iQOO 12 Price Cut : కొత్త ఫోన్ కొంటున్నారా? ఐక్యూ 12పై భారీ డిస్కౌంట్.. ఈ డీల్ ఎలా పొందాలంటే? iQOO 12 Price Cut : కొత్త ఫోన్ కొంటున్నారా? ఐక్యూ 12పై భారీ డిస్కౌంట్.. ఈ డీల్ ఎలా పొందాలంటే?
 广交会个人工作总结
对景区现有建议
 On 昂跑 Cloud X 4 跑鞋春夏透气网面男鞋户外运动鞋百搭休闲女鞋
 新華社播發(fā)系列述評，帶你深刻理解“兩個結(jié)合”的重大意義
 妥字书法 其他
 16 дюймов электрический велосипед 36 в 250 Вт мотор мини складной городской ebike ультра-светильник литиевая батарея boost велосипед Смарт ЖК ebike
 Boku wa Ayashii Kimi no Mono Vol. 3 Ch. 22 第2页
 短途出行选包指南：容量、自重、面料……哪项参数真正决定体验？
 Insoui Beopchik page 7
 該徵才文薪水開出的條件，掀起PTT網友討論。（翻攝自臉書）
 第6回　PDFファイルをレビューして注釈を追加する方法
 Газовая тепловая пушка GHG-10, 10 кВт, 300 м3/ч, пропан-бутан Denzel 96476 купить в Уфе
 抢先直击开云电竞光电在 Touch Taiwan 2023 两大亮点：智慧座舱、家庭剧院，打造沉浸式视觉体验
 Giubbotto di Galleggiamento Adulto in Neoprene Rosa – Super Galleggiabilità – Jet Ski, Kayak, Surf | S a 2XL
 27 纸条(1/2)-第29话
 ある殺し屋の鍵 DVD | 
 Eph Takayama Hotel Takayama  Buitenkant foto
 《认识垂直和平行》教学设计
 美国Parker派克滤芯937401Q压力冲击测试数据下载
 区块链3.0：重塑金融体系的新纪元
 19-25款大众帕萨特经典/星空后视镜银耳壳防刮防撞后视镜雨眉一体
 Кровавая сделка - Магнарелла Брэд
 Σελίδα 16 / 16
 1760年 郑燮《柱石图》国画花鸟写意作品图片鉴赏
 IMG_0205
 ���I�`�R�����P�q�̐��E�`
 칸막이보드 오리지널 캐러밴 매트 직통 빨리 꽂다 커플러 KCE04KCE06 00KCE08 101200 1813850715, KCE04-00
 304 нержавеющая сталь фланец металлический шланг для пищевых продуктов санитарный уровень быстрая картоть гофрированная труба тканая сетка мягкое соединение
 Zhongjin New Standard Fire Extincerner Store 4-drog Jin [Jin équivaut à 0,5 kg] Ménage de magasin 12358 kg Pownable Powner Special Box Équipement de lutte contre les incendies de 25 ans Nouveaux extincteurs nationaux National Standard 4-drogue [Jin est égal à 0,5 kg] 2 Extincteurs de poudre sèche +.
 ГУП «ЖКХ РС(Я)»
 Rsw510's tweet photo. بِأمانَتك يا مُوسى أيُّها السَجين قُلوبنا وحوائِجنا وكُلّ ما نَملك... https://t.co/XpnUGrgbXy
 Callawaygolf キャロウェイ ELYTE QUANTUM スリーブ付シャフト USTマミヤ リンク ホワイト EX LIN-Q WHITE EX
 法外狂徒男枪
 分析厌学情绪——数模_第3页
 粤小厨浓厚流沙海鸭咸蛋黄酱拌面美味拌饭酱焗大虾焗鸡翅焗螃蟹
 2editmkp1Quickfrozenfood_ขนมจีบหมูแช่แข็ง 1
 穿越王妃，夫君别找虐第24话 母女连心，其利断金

Exercise brief
Within the listing above, the range opens at the line with "Кровавая сделка - Магнарелла Брэд" and closes at the line with "칸막이보드 오리지널 캐러밴". Reproduce exactly the lines of that range, including both ends.

Exercise result
 Кровавая сделка - Магнарелла Брэд
 Σελίδα 16 / 16
 1760年 郑燮《柱石图》国画花鸟写意作品图片鉴赏
 IMG_0205
 ���I�`�R�����P�q�̐��E�`
 칸막이보드 오리지널 캐러밴 매트 직통 빨리 꽂다 커플러 KCE04KCE06 00KCE08 101200 1813850715, KCE04-00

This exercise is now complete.